Increased miR-218 CSF levels are correlated with number of remaining SMI-32⁺ spinal MNs in ALS model rats. A, Number of SMI-32⁺ MNs in the lumbar spinal cord of ALS rats is negatively and highly correlated with their corresponding miR-218 CSF levels. B, Number of SMI-32⁺ MNs is positively and highly correlated with corresponding miR-218 levels in lumbar spinal cord tissue. Linear regression analysis was used.

Figure 9.

Extracellular miR-218 levels are increased subsequent to MN injury or death.

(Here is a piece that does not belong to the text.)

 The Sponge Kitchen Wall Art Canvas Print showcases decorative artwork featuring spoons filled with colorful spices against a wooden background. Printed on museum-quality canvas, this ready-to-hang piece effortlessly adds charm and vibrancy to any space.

A, miR-218 levels and LDH levels (shown as percentage cell toxicity) are temporally increased in the media of primary Hb9-GFP MNs treated with 1 mm sodium arsenite. n = 2/group. B, miR-218 media levels are strongly correlated with LDH activity, a marker of cell death. n = 2/group with 3 technical replicates per n. C, miR-218 is increased in the media of iPSC-derived MNs after puromycin treatment. n = 3. D, LDH activity (shown as percentage cell toxicity) is increased after puromycin treatment. n = 3 with 3 technical replicates per n. Values are expressed at mean ± SEM and are normalized to media volume (A, C). *p ≤ 0.05, **p ≤ 0.01, linear regression analysis (B), Student's unpaired, two-tailed t test (C, D).